Привыкший к «двоемыслию» искушенный советский читатель (а читали тогда все) охотно и с удовольствием проецировал реплики героев романа о войне, свободе, государственной власти на современное ему положение дел. И получалось, что изменилось-то не так уж много. В этом плане показательна реплика одного из друзей Е. А. Милованова (офицера КГБ, немало помогавшего ему с доступом к закрытым архивным документам): «Что-то твой Казанцев совсем уж на наших (т. е. чекистов) смахивает». Прочитавший роман историк и лектор-пропагандист (была такая форма работы с населением) говорил о том, что вообще-то Засс получился «порядочной скотиной», а Аслан — не будущим революционером, а откровенным бандитом, грабившим тех, кто побогаче, обеспечивая себе тем самым поддержку со стороны бедноты.
Я не уверен, что Евгений Милованов сознательно закладывал в свой текст возможность такого прочтения, однако в то время в кругу его потенциальных читателей подобная «герменевтика» была нормой.
И сведущими во всяческих интерпретациях были не только будущие читатели романа «На Кавказской линии», но и специалисты лито.

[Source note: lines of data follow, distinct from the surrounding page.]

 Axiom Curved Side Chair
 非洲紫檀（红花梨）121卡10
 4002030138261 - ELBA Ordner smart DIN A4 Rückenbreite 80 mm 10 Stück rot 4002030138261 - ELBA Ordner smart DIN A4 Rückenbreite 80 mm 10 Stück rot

В итоге хождения Е. А. Милованова по редакциям, заключения лито, дискуссии с рецензентами заканчивались одним приговором: «так» (с подтекстами всякими) писать нельзя, и публиковать «такое» тоже нельзя. Ладно еще, если бы написанный текст сразу был обозначен как вымысел, где главный герой никакой не А. А. Бестужев-Марлинский, а некий «обобщенный образ писателя-декабриста». В одной редакции даже предложили переименовать его в Остужева: мол, и вопросы снимешь, и «с намеком». Ан нет, начинающий автор претендует на соответствие историческим событиям, да еще и текст его романа какой-то беспафосный, не зовущий к борьбе, не намекающий на то, что в исторической перспективе «ярмо деспотизма разлетится в прах» (выражение из работы В. И. Ленина «Памяти Герцена», отрывки из которой абитуриенты гуманитарных факультетов заучивали на память).
Действительно, публиковать такое нельзя.
Самое интересное, что сам Е. А. Милованов ни на какое научно-биографическое открытие не претендовал, был безразличен к популярному тогда доморощенному диссидентству интеллигенции, не любил разговоров о том, что историко-романтическая тема в литературе несовременна или насквозь идеологизирована (в последнем случае обычно имелись в виду произведения о Гражданской войне 1918–1920 годов). Он любил историю Кавказа, историю русской романтической литературы XIX века, ему нравилось о них рассказывать — из этого всего и вырос роман «На Кавказской линии», который больше полувека пролежал «в столе». И дело здесь, наверное, не столько в пресловутом советском прошлом, сколько в том, что такие писатели-романтики, как он, в любые времена, при любом строе оказываются ни к месту и не ко времени.
«Звезда безвременья» — таково было рабочее название романа «На Кавказской линии». Не берусь судить о том, насколько верно оно отражало судьбу главного героя, но судьба самого автора в нем обозначена точно.